# New Tank Setup (30g)



## MattDunbar (Aug 4, 2010)

I've got an older tank I just cleaned up, and setup again. Seems to be holding water fine, so its all good on that end. I don't have the exact measurement, but the tank hold either 29 or 30 gallons.

I've set this up as freshwater, I'd like to try a marine tank in the future, but I don't have the money to spend freely on that kind of setup at the moment.

I am still only 18 now, but when I did get this, I believe I was 13-14 and my dad pretty much took care of the tank for me.

I have setup a new filter and an older heater (rinsed it, and it seems to be running perfect, it never was dirty). The tank seems to be functioning (water is getting warmer, though, it isn't quite warm enough yet).
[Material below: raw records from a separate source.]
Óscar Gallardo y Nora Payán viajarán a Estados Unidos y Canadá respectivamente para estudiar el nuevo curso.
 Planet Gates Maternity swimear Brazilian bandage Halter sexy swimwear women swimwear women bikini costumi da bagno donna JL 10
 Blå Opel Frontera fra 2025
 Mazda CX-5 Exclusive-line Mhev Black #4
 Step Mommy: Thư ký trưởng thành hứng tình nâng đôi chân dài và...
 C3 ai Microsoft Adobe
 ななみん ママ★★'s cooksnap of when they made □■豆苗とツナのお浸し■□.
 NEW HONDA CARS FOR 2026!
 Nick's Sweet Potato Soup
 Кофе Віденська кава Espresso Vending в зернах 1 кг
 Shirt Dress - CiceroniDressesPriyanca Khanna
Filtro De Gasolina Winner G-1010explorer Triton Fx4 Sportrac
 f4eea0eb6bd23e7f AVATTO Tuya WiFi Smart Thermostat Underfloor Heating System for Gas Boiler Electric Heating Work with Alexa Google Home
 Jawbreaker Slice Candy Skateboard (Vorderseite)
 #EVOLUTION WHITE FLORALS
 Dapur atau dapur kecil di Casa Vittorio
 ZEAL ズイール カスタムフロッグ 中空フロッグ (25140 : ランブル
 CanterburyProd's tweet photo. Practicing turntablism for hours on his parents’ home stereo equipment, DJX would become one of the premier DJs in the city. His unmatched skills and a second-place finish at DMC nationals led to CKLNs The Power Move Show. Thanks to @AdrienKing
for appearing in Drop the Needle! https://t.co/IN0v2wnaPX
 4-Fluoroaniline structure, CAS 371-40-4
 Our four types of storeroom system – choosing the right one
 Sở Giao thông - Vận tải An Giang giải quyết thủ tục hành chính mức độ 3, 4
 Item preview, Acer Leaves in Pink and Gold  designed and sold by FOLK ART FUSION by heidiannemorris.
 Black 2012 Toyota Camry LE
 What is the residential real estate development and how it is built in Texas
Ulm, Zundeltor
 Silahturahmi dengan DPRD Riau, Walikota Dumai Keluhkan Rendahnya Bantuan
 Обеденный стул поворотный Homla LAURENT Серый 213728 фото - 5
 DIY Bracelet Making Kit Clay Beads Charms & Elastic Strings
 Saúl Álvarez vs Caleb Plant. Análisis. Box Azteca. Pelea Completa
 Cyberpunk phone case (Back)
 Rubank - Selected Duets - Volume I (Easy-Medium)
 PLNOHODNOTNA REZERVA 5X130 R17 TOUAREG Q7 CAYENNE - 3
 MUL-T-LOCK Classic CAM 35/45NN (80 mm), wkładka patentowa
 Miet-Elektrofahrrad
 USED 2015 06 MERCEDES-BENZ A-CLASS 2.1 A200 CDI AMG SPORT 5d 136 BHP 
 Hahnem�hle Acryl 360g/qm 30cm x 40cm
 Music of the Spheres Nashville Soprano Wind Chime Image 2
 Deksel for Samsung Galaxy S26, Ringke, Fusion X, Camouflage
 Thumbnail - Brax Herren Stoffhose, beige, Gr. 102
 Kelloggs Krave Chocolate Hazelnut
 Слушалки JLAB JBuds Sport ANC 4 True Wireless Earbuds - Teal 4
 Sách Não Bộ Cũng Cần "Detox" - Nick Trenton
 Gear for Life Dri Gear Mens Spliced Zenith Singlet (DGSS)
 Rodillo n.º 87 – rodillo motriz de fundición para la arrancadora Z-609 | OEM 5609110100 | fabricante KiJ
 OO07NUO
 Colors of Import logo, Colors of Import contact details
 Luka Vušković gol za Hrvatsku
I also used conditioner to clean up the water when I finished filling it a few hours back.


I am now wondering what further steps I need to take, and what would be a reasonable stock for my tank.

Also, I wouldn't mind keeping a live plant in the tank, but I am wondering what the whole lighting situation is there. I have a light at the moment (Its a long tube, thats all I know).

From what I can see, all thats left is buying fish (I know only a few to start, and something on the hardier side to let the water cycle).


Based on what I've said, I'm looking for recommendations on anything I can/should do, and interesting fresh water fish (preferably, several fish, I have been considering a few variations of Tetras, and a few of the fancier guppies, but after keeping an arrowana for a while, they tend to bore me a bit). I know I can't realistically keep an arrowana in the 30gal tank anymore, but the first thing I thought was "I really liked that arrowana".

I'm willing to set aside 10 minutes or so a day and up to an hr over the weekend, so a bit of maintenance is okay, and I know required, but I'm not looking for any fish that are going to need me to do too much more than that.

I do work from home so at least when I'm not at school (going to college now next sept), I spend 8 hrs+ in my mini-office setup in the basement. I've put the tank right there, so I'd really like something on the more interesting side that I can turn to watch.


Please suggest fish (the entire stock if possible), when/over what time span to add what in, and if theres anything else I should be doing before stocking fish.

Thanks!


----------



## destructo (Aug 12, 2009)

You will have to make sure your tank is cycled before putting in fish.

What kind of filter do you have and where are you located, there are members on here that would be able to give you some filter media to help cycle your tank quickly.

Get yourself an API liquid test kit to make sure the tank is cycled and in case something goes wrong you will be able to pin point what the problem is.

As far as fish go, I have a 35 gal and have black neon tetras, guppies, german blue rams, and a few others, which provide hours of entertainment.

Just make sure to look up the fish you like, and make sure they will not out grow your tank or be a bad match for another fish.

As for plants chances are you have a single T8 or T12 bulb that may not be the greatest for plants, however you can replace it with a blub that will be good for plants, and plants such as water wisteria, java fern and a few others can grow well in low light.


----------